После нарвского триумфа Бог не посылал своему избраннику знака целых полгода. Вместо того чтобы теснить врага, Карл охотился, веселился, по-мальчишески валял дурака: играл в прятки, строил снежные фортеции и так далее.
Казалось, его не интересует, что саксонцы усиливаются. В исполнение договора генерал Аникита Репнин привел из России обещанные подкрепления, 20 тысяч человек – половину составляли те самые счастливцы, кто опоздал к Нарве. Саксонский главнокомандующий фельдмаршал Штейнау был приятно удивлен качеством и вооружением русского контингента (особенно ему понравилось, что «при целом войске нет ни одной женщины и ни одной собаки»). Осмелев, Август вновь отправил армию к Риге.
Но в начале лета Карл вдруг проснулся. Из Швеции прибыли свежие резервы, и король пошел в наступление.
Штейнау поступил рационально и логично: с частью армии занял укрепленные позиции на берегу Даугавы – там, где шведам предстояло делать переправу.
В битве на Даугаве 9 июля 1701 года Карл XII блестяще продемонстрировал свой полководческий почерк.

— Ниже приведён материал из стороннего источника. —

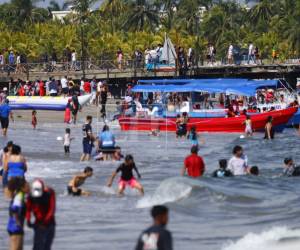 Cientos de visitantes que aprovechan los últimos días de descanso para disfrutar del sol y el mar en Tela. Aquí las imágenes.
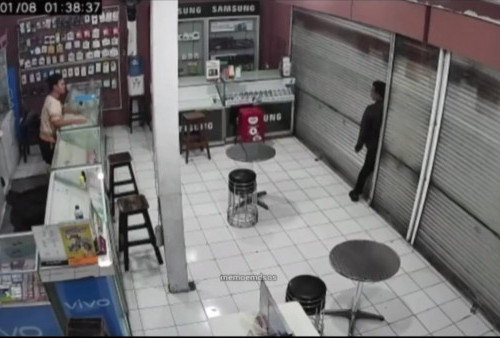 Video Viral! Detik-detik Maling Kepergok Pemilik Toko, Setengah Badan 'Nyangkut' di Rolling Door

Штейнау считал, что понимает тактику юного полководца, который непременно кинется в атаку во главе передового отряда, невзирая ни на какие препятствия. На этом фельдмаршал и построил диспозицию. Он намеренно оставил на своем берегу место для высадки шведского авангарда, чтобы потом раздавить его превосходящими силами. Гибель или взятие в плен шведского короля означали бы победу в сражении и во всей войне.
Снежного бурана, облегчившего победу под Нарвой, летом ждать не приходилось, но Карл устроил искусственный туман: множество костров из мокрой соломы обеспечили в месте переправы плотную дымовую завесу. Под ее прикрытием шведы переправились через реку на плотах, заслоненных от пуль толстыми щитами.
Карл действительно оказался на противоположном берегу одним из первых, и солдат с ним высадилось немного, но это были отборные части – гвардейские гренадеры. Король правильно рассчитал, что Штейнау позволит авангарду беспрепятственно форсировать Даугаву, и верил в стойкость своей гвардии.
Всё так и вышло. Саксонцы трижды атаковали плацдарм, понесли большие потери, но опрокинуть гренадеров в воду не смогли, а тем временем прибывали все новые и новые батальоны. Когда их набралось достаточно, шведы перешли в наступление и обратили уставшего неприятеля в бегство.
Гром этой победы был еще оглушительнее, чем Нарвской. Вся Европа восхищалась гением, который из крайне неудобной позиции сумел разбить вдвое бóльшее вражеское войско – притом не каких-то диких московитов, а опытных саксонцев. (Кстати говоря, русские полки в этой битве никак себя не проявили – вероятно, у Репнина была инструкция уклоняться от участия в сражениях.)
Август немедленно очистил Прибалтику и стал слать парламентеров, прося мира. Но Карл считал, что курфюрст наказан недостаточно, желал лишить его польской короны и оккупировать Саксонию.
Шведы вторглись в Польшу (хотя та формально по-прежнему в войне не участвовала) и заняли Варшаву. Речь Посполитая разделилась надвое – часть панов сохранила верность своему королю, но шляхетство северных областей взяло сторону Карла. Начиналась одна из тех польских междоусобиц, которые никогда быстро не заканчивались.
В кампанию 1702 года Карл углубился еще дальше в Польшу, пошел на Краков, куда перенес свою ставку Август. Саксонцы отступили, надеясь, что шведский король увлечется преследованием и оторвется от главных сил. Так и вышло. Карл погнался за отходящей вражеской армией с 10-тысячным корпусом. Саксонцев и их польских союзников было около 28 тысяч.